Project manager Bob Martin of MITRE, claimed that their avoidance is not widely taught by computer science programs and their presence is frequently not tested by organisations developing software for sale.
The Top 25 focuses on actual programming errors that are made by developers that create the vulnerabilities. The impact of these errors is far reaching, with just two of them leading to more than 1.5 million security breaches during 2008.
The list includes: improper input validation; improper encoding or escaping of output; failure to preserve SQL query structure (aka ‘SQL injection'); failure to preserve web page structure (aka 'cross-site scripting'); failure to preserve OS command structure (aka ‘OS command injection'); download of code without integrity check; cleartext transmission of sensitive information and failure to control generation of code (aka ‘code injection').
Chris Wysopal, co-founder and CTO of Veracode, said: “A prioritised list of security issues is the starting point to make software security practical in the business world of resource constraints and ship dates.

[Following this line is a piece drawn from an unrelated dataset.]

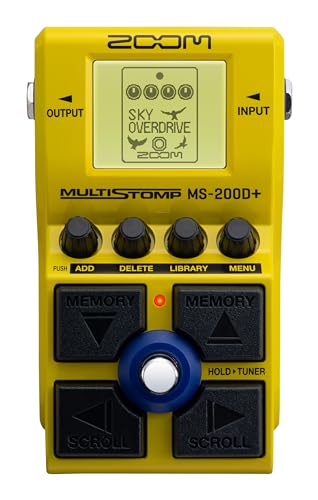ZOOM MS-200D+ Multistomp Gitarrenpedal mit 200 Verzerrungen, Boost, Overdrive, Distortion, Fuzz in allen Variationen für Rock, Metal & Blues, Vintage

The Top 25 list gives developers a minimum set of coding errors that must be eradicated before software is used by customers.”
Mason Brown, SANS Director, said: “There appears to be broad agreement on the programming errors. Now it is time to fix them. First we need to make sure every programmer knows how to write code that is free of the Top 25 errors, and then we need to make sure every programming team has processes in place to find, fix, or avoid these problems and has the tools needed to verify their code is as free of these errors as automated tools can verify.”
A statement from the US Office of the Director of National Intelligence expressed its support, saying: “We believe that integrity of hardware and software products is a critical element of cybersecurity. Creating more secure software is a fundamental aspect of system and network security, given that the federal government and the nation's critical infrastructure depend on commercial products for business operations.
“The Top 25 is an important component of an overall security initiative for our country. We applaud this effort and encourage the utility of this tool through other venues such as cyber education.”